But the separation did not take place till seventeen years after this date. In the meantime the agitation for it continued. Moreton Bay had its representatives in the Legislative Council of New South Wales, but was not content. Under the Act of 1850 ‘for the better government of Her Majesty’s Australian colonies,’ power had been reserved to constitute a new colony ‘northward of 30 degrees of south latitude.’ The departure from the terms of the Act of 1842 would have given to the new colony, when formed, the whole area from Wide Bay to a point south of the mouths of the Clarence and Richmond Rivers, an especially rich district. But powerful influences were exerted to retain this belt for New South Wales, and when the colony of Queensland was proclaimed in 1859 the southern boundary was fixed at Point Danger ‘in latitude about 28 degrees 8 minutes,’ which left the Clarence and Richmond Valleys under New South Wales jurisdiction. With this alteration, however, the territory northward from Point Danger to Cape York was, by letters patent dated June 6, 1859, erected into ‘a separate colony to be called the colony of Queensland.’
Very many of the separationists were disappointed that the boundary line was moved, and Dr. Lang, who had been for years a fervent champion of independence for Queensland (which he wished to have named Cooksland), boiled over in angry denunciations. The means employed to effect the change were, he said, ‘discreditable.’ But it seems clear that the majority of the inhabitants in the district concerned wished to remain in New South Wales; that the Colonial Office was influenced by their desire; and that the result was not arrived at because, as the furious Presbyterian divine alleged, Sir William Denison, Governor of New South Wales, having two brothers holding nearly a quarter of a million acres of land as squatters on the northern frontiers of that colony at a merely nominal rental of a twentieth of a penny per acre, ‘could scarcely be expected to be a disinterested referee’ when the question was ‘referred to him for his decision.’ It is true that a petition signed by many inhabitants of the Clarence and Richmond Rivers district asked for transference to the new colony; and much stress has been laid upon this petition in later years by the advocates of the formation of a new state in northern New South Wales. But a petition from a section of a population is an imperfect index of general public opinion. There was, also, a petition to the contrary effect. As there was opposition in New South Wales to the separation of Queensland as being ‘premature and inexpedient,’ and as this opposition would certainly have been stronger had it been proposed to detach the Clarence and Richmond, the boundary decision was prudent.

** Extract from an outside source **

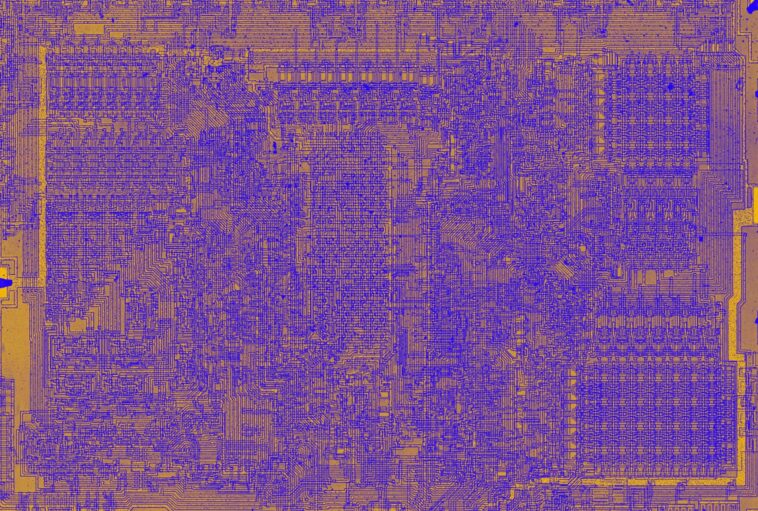 50 ans plus tard : le microprocesseur révolutionnaire 8008 1 50 ans plus tard : le microprocesseur révolutionnaire 8008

Queensland was the only one of the six Australian States which did not require a separate Act of the Imperial Parliament for its establishment. The letters patent were sufficient to confer upon it separate being and constitutional authority. It was also the only State of the group which did not pass through the probationary period of government under a Legislative Council before full rights of representative government were conceded. Two houses of Legislature were established, the Legislative Council, according to the New South Wales model, consisting of members appointed for life, whilst the Legislative Assembly was elective. But Queensland abolished the Legislative Council in 1922; and since that date has had only one house of Legislature.
Sir George Bowen, the first Governor, set the necessary machinery to work directly after his arrival in Brisbane in December, 1859, and the first Parliament of Queensland commenced business on May 7, 1860. In the interval Bowen managed affairs with admirable discretion. He had no funds, no civil service, no police, no military force. The whole mechanism of administration and order had to be created. ‘As to money wherewith to carry on the Government,’ he wrote, ‘I started with just 7 1/2d. in the Treasury. A thief — supposing, I fancy, that I should have been furnished with some funds for the outfit, so to speak, of the new State — broke into the Treasury a few nights after my arrival and carried off the 7 1/2d. mentioned. However, I borrowed money from the banks until our revenue came in.’
Bowen exposed himself to much hostile criticism by appointing to be the first premier of the colony a young man of twenty-eight, Robert Wyndham Herbert, who had come out from England with him as his private secretary. Certainly it was a surprising selection, and it naturally occasioned jealousy and heart-burning among local politicians. Herbert was a scholar, who had been private secretary to Gladstone, and had a thorough knowledge of British parliamentary practice. Bowen doubtless felt the need of the assistance of a well-trained mind in inaugurating parliamentary government in a new State; and, after all, if the Queensland Parliament did not like Herbert, it could turn him out.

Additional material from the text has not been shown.